Também o problema do seguro de depósitos estava, teoricamente, equacionado. Na grande reforma tributária de 1966-67, foram criados dois impostos especiais, que não fariam parte da receita tributária da União -o imposto de exportação e o IOF. Aquele serviria para atenuação de flutuações cíclicas dos preços de produtos de base. Este regularia a expansão monetária e serviria como seguro de depósitos em crises bancárias.
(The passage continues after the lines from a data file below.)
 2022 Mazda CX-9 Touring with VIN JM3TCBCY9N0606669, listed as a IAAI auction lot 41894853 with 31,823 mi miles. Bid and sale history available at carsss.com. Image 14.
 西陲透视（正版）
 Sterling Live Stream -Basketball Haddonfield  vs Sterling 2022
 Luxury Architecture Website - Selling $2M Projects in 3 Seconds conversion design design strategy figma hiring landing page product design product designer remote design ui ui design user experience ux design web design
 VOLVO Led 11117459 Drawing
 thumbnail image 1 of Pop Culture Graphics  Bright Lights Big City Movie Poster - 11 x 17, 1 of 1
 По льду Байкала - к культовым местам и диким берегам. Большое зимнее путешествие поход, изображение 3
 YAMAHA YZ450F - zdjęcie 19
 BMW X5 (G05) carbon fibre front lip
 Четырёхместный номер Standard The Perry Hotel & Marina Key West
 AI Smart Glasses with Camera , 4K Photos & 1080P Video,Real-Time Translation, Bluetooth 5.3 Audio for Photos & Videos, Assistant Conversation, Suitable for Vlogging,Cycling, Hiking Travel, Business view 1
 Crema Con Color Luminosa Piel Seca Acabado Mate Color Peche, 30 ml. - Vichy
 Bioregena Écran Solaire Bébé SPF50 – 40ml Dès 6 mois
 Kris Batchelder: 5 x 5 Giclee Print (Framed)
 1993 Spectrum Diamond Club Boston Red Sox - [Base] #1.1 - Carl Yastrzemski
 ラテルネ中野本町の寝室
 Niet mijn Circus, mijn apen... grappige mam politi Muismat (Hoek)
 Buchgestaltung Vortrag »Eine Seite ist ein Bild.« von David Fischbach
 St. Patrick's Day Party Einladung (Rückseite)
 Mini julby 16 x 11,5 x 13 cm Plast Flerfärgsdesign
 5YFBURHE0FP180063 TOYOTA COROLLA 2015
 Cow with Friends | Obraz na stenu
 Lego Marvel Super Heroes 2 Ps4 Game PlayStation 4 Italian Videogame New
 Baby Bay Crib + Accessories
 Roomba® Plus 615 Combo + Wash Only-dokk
No curso dos anos, o IOF passou a ser utilizado como receita orçamentária corrente e de confortável manipulação, pela facilidade de coleta e por não ser partilhado com outras unidades federativas.
Fico gélido quando ouço falar-se genericamente na independência do Banco Central. Que Banco Central? Pois ele nasceu independente e se tornou escravo do Tesouro. Era o xerife da moeda e se converteu em devasso emissor. Em vez de políticas estáveis, emite profusamente normas despóticas. Assumiu uma multiplicidade de funções -crédito rural, atividades de fomento, controle de consórcios, microgerenciamento do câmbio- estranhas às funções clássicas dos bancos centrais. Isso além de sucumbir ao corporativismo estatal e a infiltrações ideológicas que o tornam incapaz até de manter o sigilo bancário quando sofre provocações do PT...
Como medidas de emergência, o que há a fazer na atual conjuntura são duas coisas: equalizar-se o tratamento dos depositantes dos bancos estatais e dos privados e antecipar-se a criação do fundo privado de seguro de depósito previsto no artigo 192.
Sem as reformas estruturais de redimensionamento do setor público, não se criaria o clima cultural a que se referia Gudin para o funcionamento de uma autoridade monetária independente. E esta, quando vier, deve ter como exclusiva função o controle da emissão monetária e como objetivo único a estabilização de preços. Seria algo muito mais próximo de um "currency board" (junta de conversão monetária) do que de nosso enxundioso Bacen.